◆ Given data:
--

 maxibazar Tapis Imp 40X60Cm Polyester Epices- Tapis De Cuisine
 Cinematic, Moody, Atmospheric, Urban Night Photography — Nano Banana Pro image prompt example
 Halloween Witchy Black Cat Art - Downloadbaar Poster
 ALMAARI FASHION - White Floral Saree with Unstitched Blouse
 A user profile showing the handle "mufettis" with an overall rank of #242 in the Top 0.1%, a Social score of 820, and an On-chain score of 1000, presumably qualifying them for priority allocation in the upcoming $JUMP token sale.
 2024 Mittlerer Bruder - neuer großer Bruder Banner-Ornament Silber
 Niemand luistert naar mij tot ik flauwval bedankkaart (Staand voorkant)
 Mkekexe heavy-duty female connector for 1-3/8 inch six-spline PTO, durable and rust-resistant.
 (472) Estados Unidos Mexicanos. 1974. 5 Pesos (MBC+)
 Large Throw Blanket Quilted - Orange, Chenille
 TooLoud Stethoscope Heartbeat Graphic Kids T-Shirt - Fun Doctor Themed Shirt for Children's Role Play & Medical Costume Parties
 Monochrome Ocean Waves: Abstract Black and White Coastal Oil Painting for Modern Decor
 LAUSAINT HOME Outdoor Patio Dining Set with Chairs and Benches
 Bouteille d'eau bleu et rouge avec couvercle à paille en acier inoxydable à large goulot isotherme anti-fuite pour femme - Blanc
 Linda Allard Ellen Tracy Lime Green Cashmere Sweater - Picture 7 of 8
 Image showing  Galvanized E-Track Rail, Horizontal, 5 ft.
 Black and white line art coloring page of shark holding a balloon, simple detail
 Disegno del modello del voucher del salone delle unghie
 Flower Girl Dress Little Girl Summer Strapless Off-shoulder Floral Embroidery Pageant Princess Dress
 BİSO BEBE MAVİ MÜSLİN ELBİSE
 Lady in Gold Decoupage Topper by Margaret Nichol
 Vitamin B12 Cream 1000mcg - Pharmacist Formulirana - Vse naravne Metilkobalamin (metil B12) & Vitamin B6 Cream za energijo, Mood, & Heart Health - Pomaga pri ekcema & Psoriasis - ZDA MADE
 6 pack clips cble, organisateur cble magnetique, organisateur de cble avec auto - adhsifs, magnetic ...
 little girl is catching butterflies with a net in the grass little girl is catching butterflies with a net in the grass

--

◆ Aim of the exercise: Repeat, exactly as they stand above, the lines from the line with "ALMAARI FASHION - White" to the line with "Flower Girl Dress", both lines included.

◆ Expected answer:
 ALMAARI FASHION - White Floral Saree with Unstitched Blouse
 A user profile showing the handle "mufettis" with an overall rank of #242 in the Top 0.1%, a Social score of 820, and an On-chain score of 1000, presumably qualifying them for priority allocation in the upcoming $JUMP token sale.
 2024 Mittlerer Bruder - neuer großer Bruder Banner-Ornament Silber
 Niemand luistert naar mij tot ik flauwval bedankkaart (Staand voorkant)
 Mkekexe heavy-duty female connector for 1-3/8 inch six-spline PTO, durable and rust-resistant.
 (472) Estados Unidos Mexicanos. 1974. 5 Pesos (MBC+)
 Large Throw Blanket Quilted - Orange, Chenille
 TooLoud Stethoscope Heartbeat Graphic Kids T-Shirt - Fun Doctor Themed Shirt for Children's Role Play & Medical Costume Parties
 Monochrome Ocean Waves: Abstract Black and White Coastal Oil Painting for Modern Decor
 LAUSAINT HOME Outdoor Patio Dining Set with Chairs and Benches
 Bouteille d'eau bleu et rouge avec couvercle à paille en acier inoxydable à large goulot isotherme anti-fuite pour femme - Blanc
 Linda Allard Ellen Tracy Lime Green Cashmere Sweater - Picture 7 of 8
 Image showing  Galvanized E-Track Rail, Horizontal, 5 ft.
 Black and white line art coloring page of shark holding a balloon, simple detail
 Disegno del modello del voucher del salone delle unghie
 Flower Girl Dress Little Girl Summer Strapless Off-shoulder Floral Embroidery Pageant Princess Dress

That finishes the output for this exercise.